Pakistan’s trade deficit witnessed a substantial improvement of 34.29% year-on-year (YoY) in the first half of fiscal year 2024, settling at $11.15 billion, a noteworthy decline from the $16.97 billion reported in 1HFY23. These figures, unveiled by the Pakistan Bureau of Statistics (PBS), underscore a positive shift in the country’s trade dynamics.

During 1HFY24, exports experienced a healthy YoY growth of 5.17%, reaching Rs14.98 billion, while imports registered a significant YoY decline of 16.28%, standing at Rs26.13 billion. This balanced trade equation contributes to the reduction in the overall trade deficit.


Diving into December’s performance, the trade deficit for the month stood at $1.7 billion, reflecting a 13.43% month-on-month (MoM) improvement compared to the previous month’s deficit of $1.97 billion. Impressively, this figure also showcases a substantial 40.13% reduction when compared to December 2022’s deficit of $2.84 billion.

December exports reached $2.81 billion, up 9.29% MoM from November 2023’s $2.57 billion. In addition, there was a noteworthy YoY growth of 22.2% in comparison to December 2022.

Conversely, Pakistan’s expenditure on imports during the review month experienced a slight 0.55% MoM decline, totaling $4.51 billion compared to $4.54 billion in the previous month. Moreover, in a YoY perspective, imports declined by 12.25%, standing at $5.14 billion in December 2023.

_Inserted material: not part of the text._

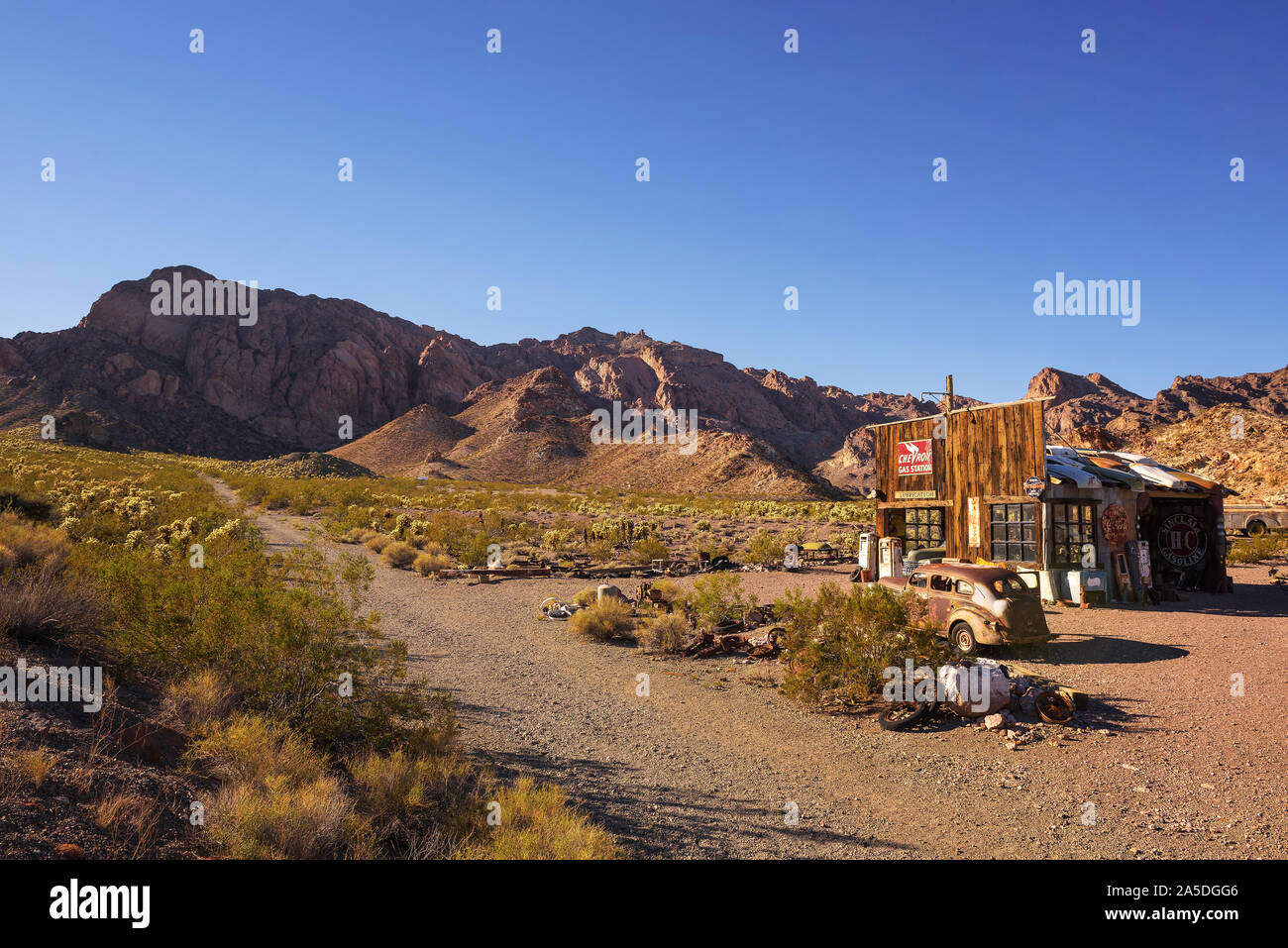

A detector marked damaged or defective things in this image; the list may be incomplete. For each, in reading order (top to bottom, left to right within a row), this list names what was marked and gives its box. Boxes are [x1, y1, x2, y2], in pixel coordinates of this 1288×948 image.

rusty vintage car [881, 561, 1050, 651]
rusted car fender [942, 607, 999, 644] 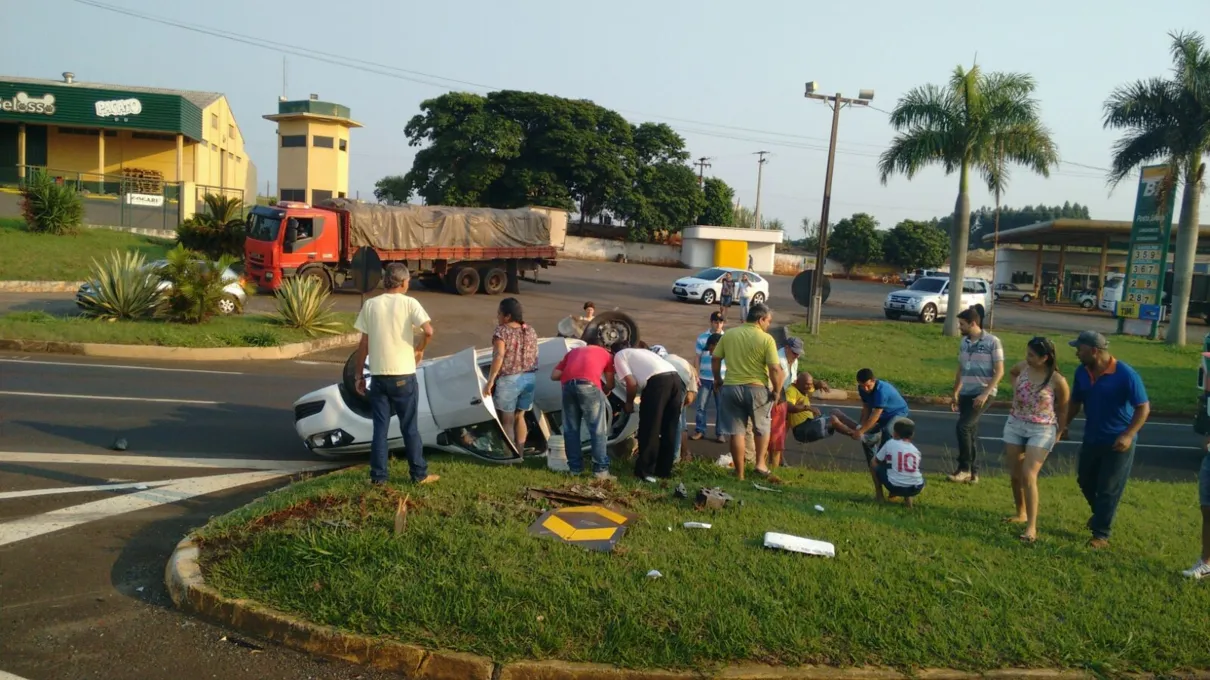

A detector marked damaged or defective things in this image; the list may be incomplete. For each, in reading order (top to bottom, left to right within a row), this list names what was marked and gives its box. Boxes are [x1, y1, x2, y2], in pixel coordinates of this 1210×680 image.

The latest data released by PBS for December 2023 highlights the monthly and YoY trends, with exports, imports, and the trade deficit showing fluctuations. The figures indicate a positive momentum, with a consistent effort to narrow the trade deficit.

Overall, the economic landscape portrays a constructive trend, with a notable reduction in the trade deficit, affirming the positive impact of strategic economic measures. The surge in exports coupled with controlled imports signifies a robust start to FY24, setting an optimistic tone for Pakistan’s economic trajectory. Investors and analysts alike are keenly watching these developments as the nation steers towards sustainable economic growth.

Moreover, the latest date from around the world signifies an economic turnaround or a near miss from recession as was anticipated by a large number of economists.

In the latest twist of the forex market saga, Wednesday’s interbank trading witnessed the Pakistani rupee (PKR) making a resilient comeback, appreciating by 17 paisas against the US dollar. This marked a notable shift from the previous day’s closing at PKR 281.89 to the current value of PKR 281.72. The PKR’s success story continued after a 13-day winning streak, showcasing its dynamic nature in response to market fluctuations. As we navigate the intricacies of the ever-changing forex landscape, the journey promises to be both exciting and unpredictable. Buckle up for the twists and turns in this financial rollercoaster!